Activist for gay rights since 1957 dies at 86
WASHINGTON – Frank Kameny, who became a pioneer in the gay rights movement after he was fired from his job as a government astronomer in 1957 for being gay, has died at his home in Washington. He was 86.
Bob Witeck, a friend of Kameny’s for three decades, confirmed his Tuesday death.
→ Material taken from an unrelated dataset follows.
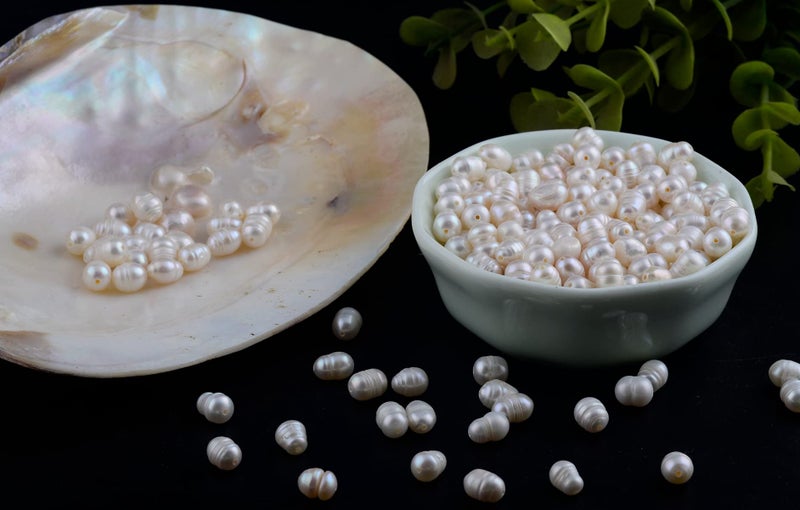 Eswala Pearls Beads for Jewelry Making 100pcs 7-8mm Natural Genuine Real Freshwater Cultured Pearl White Rice Oval Loose Gemstone Bead Holes 0.7mm Crafts Necklaces Bracelets Earrings (White  7-8mm) - Image 2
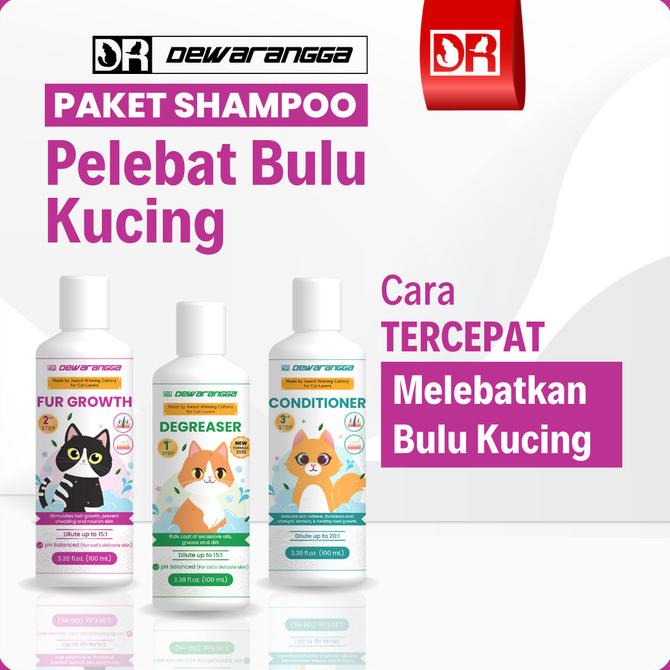 Paket Shampoo Pelebat Bulu Kucing Dewarangga. Shampoo Kucing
Kameny had been in failing health, and a medical examiner said he suffered a heart attack or heart failure, Witeck said.
Plans for a memorial in November were being discussed, Witeck said.
Gay rights groups mourned his passing Tuesday, noting it was National Coming Out Day, when many gay people celebrate coming out and encourage others to do the same.
“While so many have been impatient about the pace of progress, there was Frank, insisting we recognize that, in the last two years, he was regularly invited as a guest of honor by the very government that fired him simply for being gay,” said a statement by Rea Carey, the executive director of the National Gay and Lesbian Task Force.
Joe Solmonese, the president of the Washington-based Human Rights Campaign, said in a statement that Kameny “set a path for the modern LGBT civil rights movement.”
Kameny told the Associated Press in 2009 that his contributions to the gay rights struggle had only recently begun to sink in. He said at the time he wanted to be remembered most for coming up with the slogan “Gay is Good” in 1968 to counter an onslaught of negativism aimed at gays and lesbians.